Disponibilità e tipologie del mandarino
I mandarini sono piccoli e dolci agrumi originari dell'Asia orientale, coltivati per la prima volta lì molti secoli fa. Oggi i mandarini crescono in molte regioni calde del mondo. Poiché diversi paesi raccolgono in periodi diversi, trovi i mandarini nei supermercati quasi tutto l'anno — ma il periodo migliore, quando sono più freschi e aromatici, è solitamente l'autunno e l'inverno.
Principali aree di coltivazione
- Cina: Il paese con la maggiore quantità di mandarini. Molte varietà hanno origine lì.
- Mediterraneo (Spagna, Italia, Marocco, Turchia): Molto importante per l'Europa. Questi paesi forniscono molte frutte fresche in autunno e inverno.
- Africa del Sud, Cile, Australia: Paesi dell'emisfero sud che raccolgono quando in Europa è estate. Così i mandarini arrivano nei negozi durante tutto l'anno.
- USA (California e Florida): Producono anch'essi mandarini e varietà specifiche.
Perché si trovano quasi sempre in vendita?
Immagina la Terra come un grande palcoscenico con molti coltivatori che raccolgono a rotazione i mandarini. Quando in Spagna finisce la stagione, per esempio Sudafrica o Cile riforniscono il mercato. Il commercio mondiale fa sì che in vari periodi dell'anno ci siano sempre mandarini disponibili.

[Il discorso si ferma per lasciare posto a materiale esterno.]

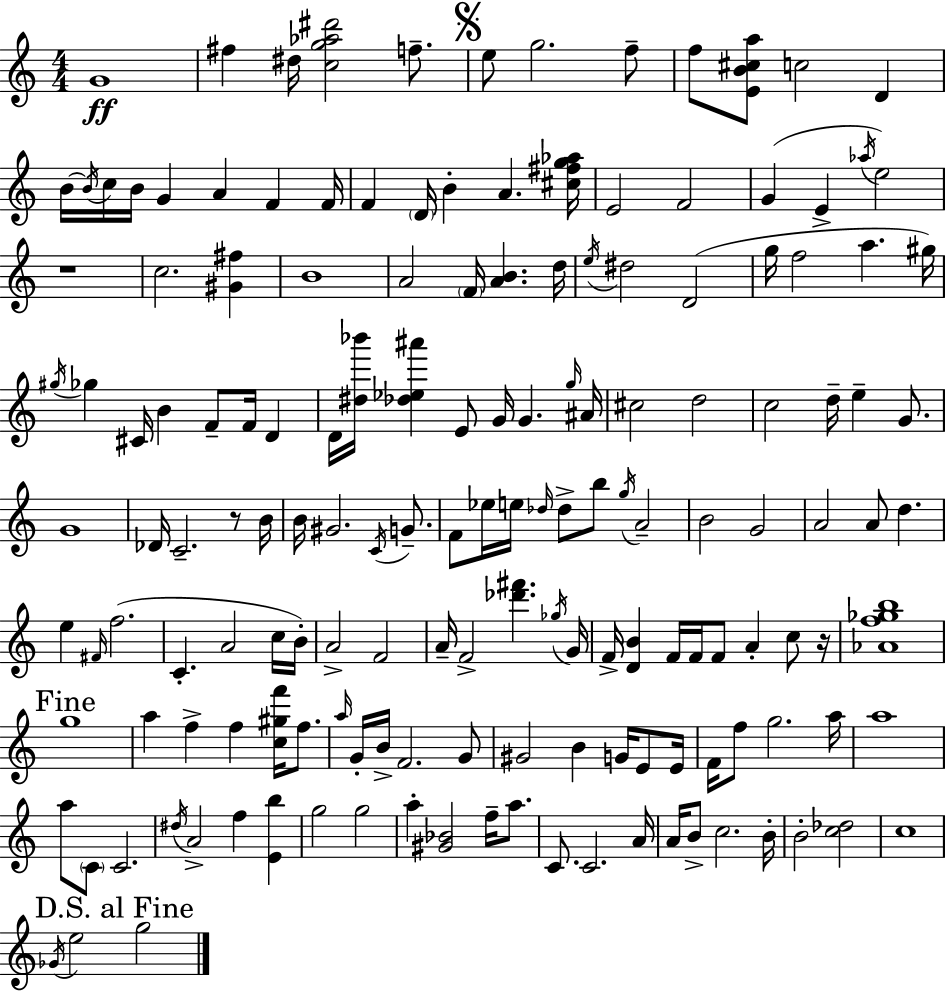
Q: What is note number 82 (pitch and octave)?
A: F#4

Immagina la Terra come un grande palcoscenico con molti coltivatori che raccolgono a rotazione i mandarini. Quando in Spagna finisce la stagione, per esempio Sudafrica o Cile riforniscono il mercato. Il commercio mondiale fa sì che in vari periodi dell'anno ci siano sempre mandarini disponibili.
Varietà popolari e varianti
- Clementine: Molto dolci, quasi senza semi e facili da sbucciare. Per molti bambini la clementina è il mandarino tipico.
- Satsuma (chiamata anche Mikan): Buccia molto sottile, facile da pelare e spesso senza semi. Originaria del Giappone.
- Tangerine: Un nome talvolta usato per varie tipologie di mandarini. I frutti sono spesso aromatici e leggermente aciduli.
- Tangelo (es. Minneola): Un incrocio tra mandarino e pompelmo o toronja. Ha un sapore particolare, leggermente acidulo, e una forma un po' diversa.
- Tangor: Un incrocio tra mandarino e arancia. Di solito dolce e succoso.
- Kishu: Molto piccolo e dolce — quasi come un mandarino caramella, spesso quasi senza semi.
- Altre varietà a marchio o da club (es. Orri, Nadorcott): Nuove selezioni che dovrebbero essere particolarmente dolci, succose o a lunga conservazione.
Cosa significa “ibrido” o “incrocio”?
A volte due diversi agrumi vengono “incrociati”, cioè combinati, per ottenere nuovi frutti. È come unire due fiori e ottenere un nuovo fiore con caratteristiche di entrambi. Il risultato può essere, per esempio, un sapore più dolce o una buccia più facile da sbucciare.
A volte due diversi agrumi vengono “incrociati”, cioè combinati, per ottenere nuovi frutti. È come unire due fiori e ottenere un nuovo fiore con caratteristiche di entrambi. Il risultato può essere, per esempio, un sapore più dolce o una buccia più facile da sbucciare.
Forme, confezionamento e lavorazione
I mandarini si vendono freschi, a volte in reti o piccole cassette. Si trovano anche sotto forma di succo, in lattina o essiccati. Sono migliori freschi, perché allora sono particolarmente succosi e aromatici. Al momento dell'acquisto cerca frutti sodi senza ammaccature — questo è un segno di buona qualità.
I mandarini si vendono freschi, a volte in reti o piccole cassette. Si trovano anche sotto forma di succo, in lattina o essiccati. Sono migliori freschi, perché allora sono particolarmente succosi e aromatici. Al momento dell'acquisto cerca frutti sodi senza ammaccature — questo è un segno di buona qualità.
In sintesi: i mandarini provengono dall'Asia, oggi si coltivano in molti paesi caldi e grazie ai diversi periodi di raccolta sono disponibili praticamente tutto l'anno. Esistono molte varietà — dalla molto popolare Clementine alla delicata Satsuma fino a incroci speciali come Tangelo o Orri. Ogni varietà ha il suo sapore e le sue caratteristiche, così che ce n'è per tutti i gusti.